Eyal Weizman at the Annual Edward Said Memorial Lecture, 2nd March

Posted: 10.03.2010

In 2004, the Department of English and Comparative Studies inaugurated an annual Edward Said Memorial Lecture to honour a prominent literary scholar and a renowned public intellectual who died in 2003.
Said understood criticism to be a ‘humanistic activity’ encompassing ‘erudition and sympathy’, sensitivity to ‘inner tensions’, and an openness to imponderables and mysteries. His own finely-tuned responsiveness to the singularity of any piece of writing with which he engaged, is evident in his innovative and surprising interpretations of both canonical and marginalised literature.
These same writings also register the obligation felt by Said to make visible the actual affiliations that exist between ‘the world of ideas and scholarship on the one hand, and the world of brute politics, corporate and state power, and military force on the other.’
The University of Warwick had twice hosted visits from Edward Said.
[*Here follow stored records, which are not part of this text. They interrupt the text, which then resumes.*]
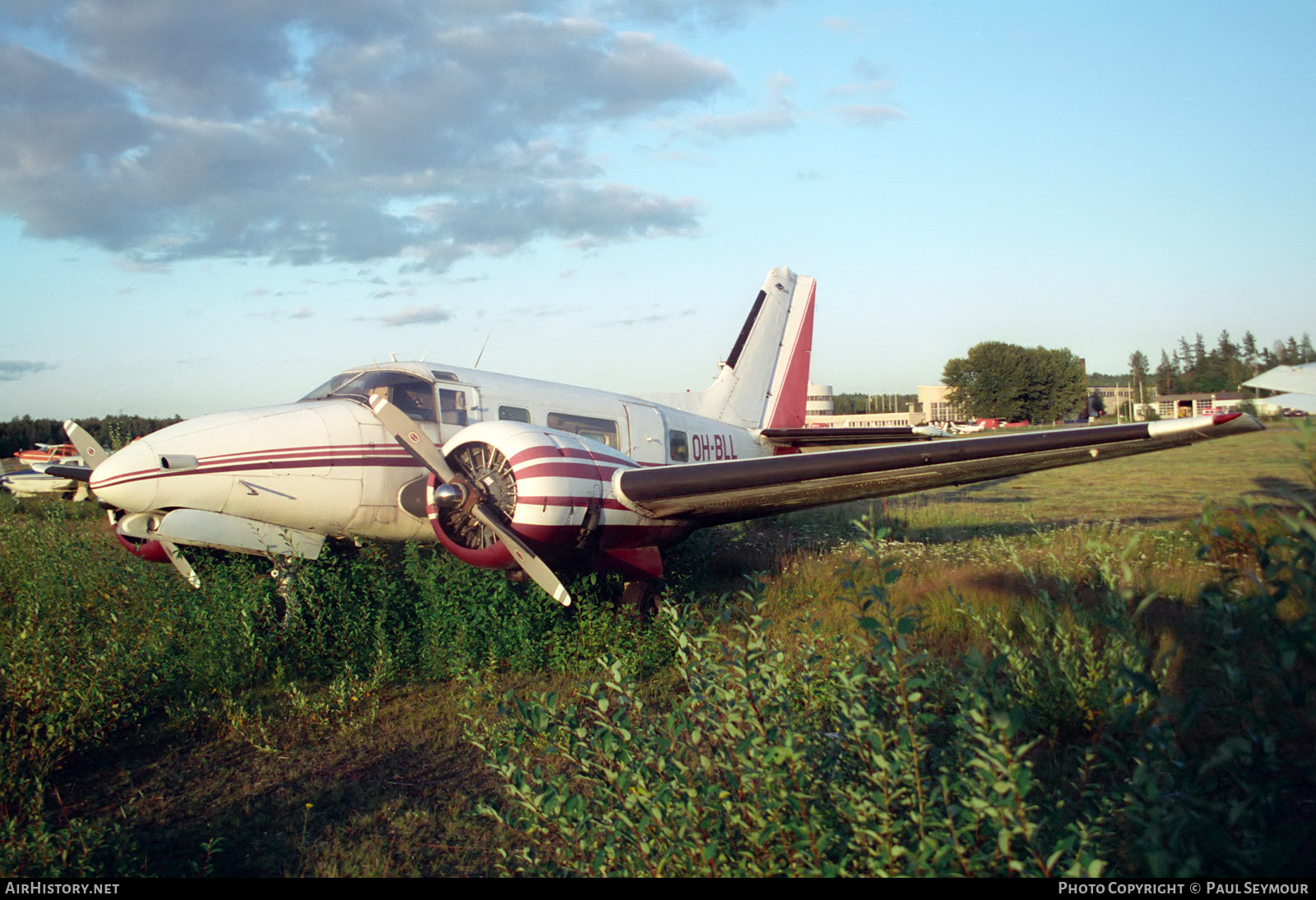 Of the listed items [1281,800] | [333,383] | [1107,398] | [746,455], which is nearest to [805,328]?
[746,455]

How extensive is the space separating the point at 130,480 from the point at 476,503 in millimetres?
3026

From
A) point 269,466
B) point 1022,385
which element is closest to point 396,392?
point 269,466

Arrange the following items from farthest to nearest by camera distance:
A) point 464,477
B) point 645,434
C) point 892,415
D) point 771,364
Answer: point 892,415 < point 771,364 < point 645,434 < point 464,477

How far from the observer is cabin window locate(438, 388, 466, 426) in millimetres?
8086

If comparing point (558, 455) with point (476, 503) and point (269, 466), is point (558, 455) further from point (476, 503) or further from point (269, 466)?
point (269, 466)

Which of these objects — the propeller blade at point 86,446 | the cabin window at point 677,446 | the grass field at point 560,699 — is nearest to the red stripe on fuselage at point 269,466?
the grass field at point 560,699

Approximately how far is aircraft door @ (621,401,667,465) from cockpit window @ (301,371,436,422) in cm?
273

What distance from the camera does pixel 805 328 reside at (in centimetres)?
1528

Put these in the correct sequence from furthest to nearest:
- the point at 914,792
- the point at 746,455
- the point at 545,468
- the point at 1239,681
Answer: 1. the point at 746,455
2. the point at 545,468
3. the point at 914,792
4. the point at 1239,681

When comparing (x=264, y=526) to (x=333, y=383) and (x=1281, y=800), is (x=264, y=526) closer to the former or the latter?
(x=333, y=383)

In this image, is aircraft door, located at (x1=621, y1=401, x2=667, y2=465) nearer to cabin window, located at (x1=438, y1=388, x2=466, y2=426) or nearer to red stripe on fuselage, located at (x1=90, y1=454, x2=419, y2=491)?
cabin window, located at (x1=438, y1=388, x2=466, y2=426)

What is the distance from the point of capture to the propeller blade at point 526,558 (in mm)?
6465

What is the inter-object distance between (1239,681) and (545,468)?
5.06 m

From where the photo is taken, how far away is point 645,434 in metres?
9.98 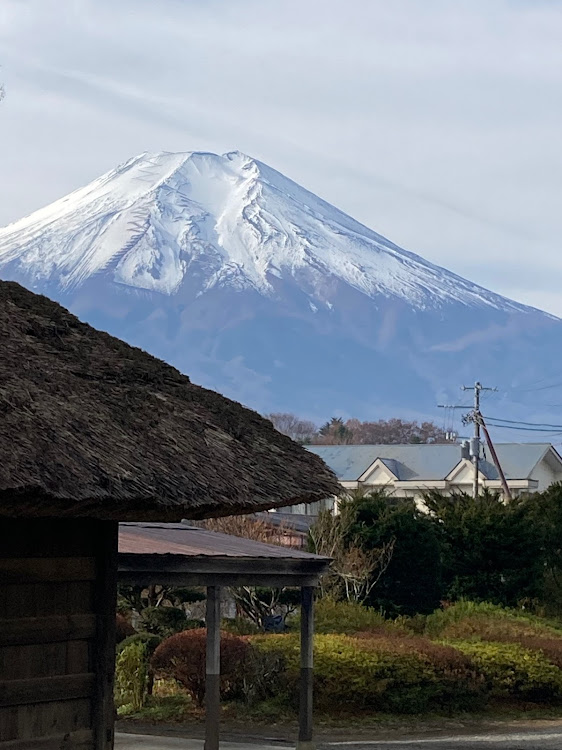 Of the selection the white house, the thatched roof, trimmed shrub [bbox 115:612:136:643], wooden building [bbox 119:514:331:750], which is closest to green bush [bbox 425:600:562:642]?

In 1994 the Department of English together with the Department of Philosophy held an International Conference on his work and the work this has generated. Papers presented at this conference were later published as Cultural Readings of Imperialism: Edward Said and the Gravity of History, ed. Keith Ansell Pearson, Benita Parry and Judith Squires (1997). In 2001 Said received an Honorary Degree. On both occasions his crowded lectures revealed his singular ability to bring politics to scholarship and scholarship to politics.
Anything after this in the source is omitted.